The Vanishing Personal SitePosted: 2008-06-04 04:09:30 External Link: L. Jeffrey Zeldman Daily Report By: Jeffrey Zeldman
Our personal sites, once our primary points of online presence, are becoming sock drawers for displaced first-person content. We are witnessing the disappearance of the all-in-one, carefully designed personal site containing professional information, links, and brief bursts of frequently updated content to which others respond via comments. Did I say we are witnessing the traditional personal site's disappearance? That is inaccurate. We are the ones making our own sites disappear.
Obliterating our own readership and page views may not be a bad thing, but let’s be sure we are making conscious choices.
...
Most personal sites are not yet as radically personal-content-outsourced as Jody’s, and certainly not every personal site will go this way. (Jody’s site might not even be this way tomorrow, and, lest it be misunderstood, I think Jody’s site is great.) But many personal sites are leaning this way. Many so inclined are currently in an interim state not unlike what’s going on here at zeldman.com.
There are blog posts here, but I post Tweets far more frequently than I write posts. (For obvious reasons: when you’re stuck in an airport, it’s easier to send a 140-character post via mobile phone and Twitter than it is to write an essay from that same airport. Or really from anywhere. Writing is hard, like design.) To connect the dots, I insert my latest Tweet in my sidebar. I have more readers here than followers at Twitter, but that could change. Are they the same readers? Increasingly, to the best of my knowledge, there are people who follow me on Twitter but do not read zeldman.com (and vice-versa). This is good (I’m getting new readers) and arguably maybe not so good (my site, no longer the core of my brand, is becoming just another piece of it).
Like nearly everyone, I outsource discoverable, commentable photography to Flickr.com instead of designing my own photo gallery like my gifted colleagues Douglas Bowman and Todd Dominey. Many bloggers now embed mini-bits of their Flickr feeds in their site’s sidebars. I may get around to that. (One reason I haven’t rushed to do it is that most of my Flickr photos are hidden behind a “friends and family” gateway, as I mainly take pictures of our kid.) Photography was never what this site was about, so for me, using Flickr is not the same as outsourcing the publication of some of my content.

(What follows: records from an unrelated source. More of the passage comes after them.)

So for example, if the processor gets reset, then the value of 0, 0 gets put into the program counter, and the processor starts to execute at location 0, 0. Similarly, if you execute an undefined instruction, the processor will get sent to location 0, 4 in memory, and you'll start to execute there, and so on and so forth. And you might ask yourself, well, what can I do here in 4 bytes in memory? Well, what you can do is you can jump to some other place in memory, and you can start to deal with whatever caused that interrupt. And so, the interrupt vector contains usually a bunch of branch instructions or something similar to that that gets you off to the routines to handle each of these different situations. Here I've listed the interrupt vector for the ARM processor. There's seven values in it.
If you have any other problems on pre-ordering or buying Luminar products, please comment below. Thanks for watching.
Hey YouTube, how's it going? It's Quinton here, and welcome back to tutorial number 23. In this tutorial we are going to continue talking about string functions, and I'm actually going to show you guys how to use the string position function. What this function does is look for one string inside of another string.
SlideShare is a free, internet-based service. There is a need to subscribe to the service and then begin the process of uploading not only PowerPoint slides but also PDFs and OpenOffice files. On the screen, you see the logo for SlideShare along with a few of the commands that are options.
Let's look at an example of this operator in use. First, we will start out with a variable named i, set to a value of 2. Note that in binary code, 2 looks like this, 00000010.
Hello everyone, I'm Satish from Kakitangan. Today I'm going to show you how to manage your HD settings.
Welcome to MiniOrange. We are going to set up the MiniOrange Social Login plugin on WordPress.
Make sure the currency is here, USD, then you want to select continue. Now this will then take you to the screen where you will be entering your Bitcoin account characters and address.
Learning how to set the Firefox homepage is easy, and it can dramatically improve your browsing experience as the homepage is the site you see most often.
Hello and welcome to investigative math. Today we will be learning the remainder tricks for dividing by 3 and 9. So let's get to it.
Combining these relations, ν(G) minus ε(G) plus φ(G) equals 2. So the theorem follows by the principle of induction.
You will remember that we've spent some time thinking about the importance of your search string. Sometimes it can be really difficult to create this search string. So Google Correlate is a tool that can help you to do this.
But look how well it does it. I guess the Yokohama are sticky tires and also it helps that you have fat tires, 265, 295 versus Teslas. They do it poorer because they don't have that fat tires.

As I’ve recently mentioned, links, once a primary source of content (and page views) here, got offloaded to Ma.gnolia a while back. From 1995 until a few years ago, every time I found a good link, an angel got his wings and I got page views. My page views weren’t, brace yourself for an ugly word, monetized, so all I got out of them was a warm feeling—and that was enough. Now my site is, brace yourself again, monetized, but I send my readers to Ma.gnolia every time I find a link. Go figure.
I’m not trying to get rid of my readers, nor are you trying to shake off yours. In the short term, including Flickr, Twitter, and Ma.gnolia or De.licio.us feeds sends traffic both ways—out to those services, but also back to your site. (Remember when some of us were afraid RSS would cost us our readers? It did and it didn’t. With RSS, good writers gain readers while often losing traditional page views. But that’s another story.) I’ve certainly found new websites by going to the Twitter profile pages of people who write funny or poignant Tweets. Behind a great Flickr photo may be a great designer whose site you might not have found if not for first seeing that photo.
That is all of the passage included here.